**ASSIGNED TASK**
Write down exactly what lies from the line containing "Mercedes E 350-11" to the end of the records, inclusive, and omit the pictures.

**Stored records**
____
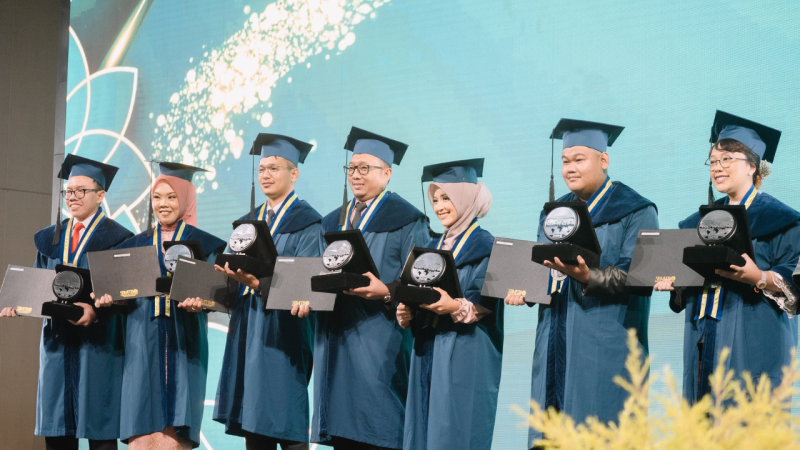 With Many Awards And GPAs Of 4.0, The Graduates Of SBM ITB Celebrated ...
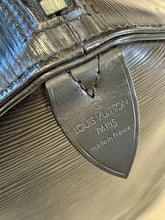 Load image into Gallery viewer, Vintage Louis Vuitton Epi Duffel - Black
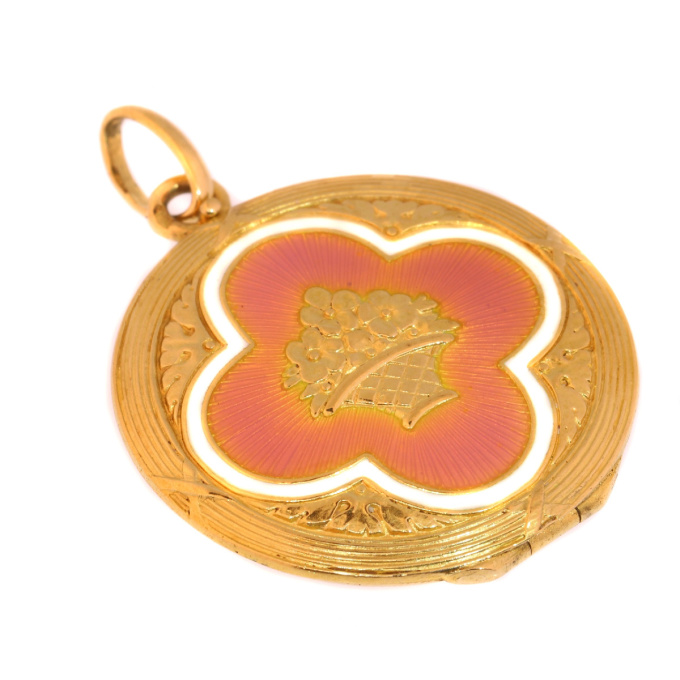 Antique gold Belle Epoque enameled locket made in the Austrian Hungarian empire by Onbekende Kunstenaar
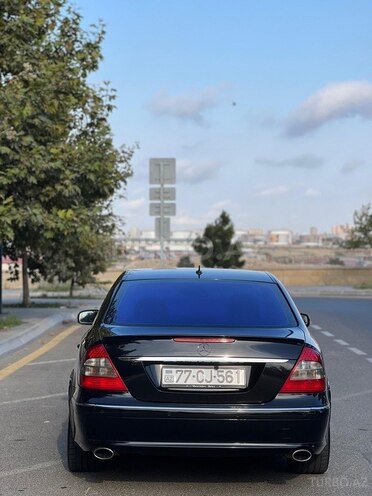 Mercedes E 350-11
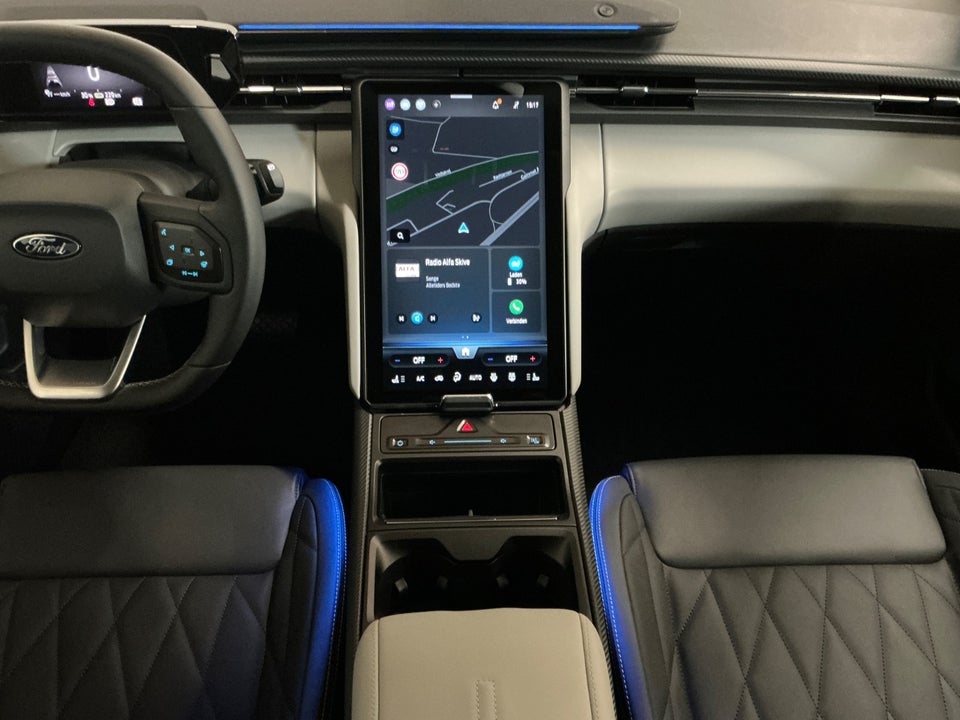 Ford Explorer 77 Premium Extended Range 5d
____
**OUTPUT BELOW**
 Mercedes E 350-11
 Ford Explorer 77 Premium Extended Range 5d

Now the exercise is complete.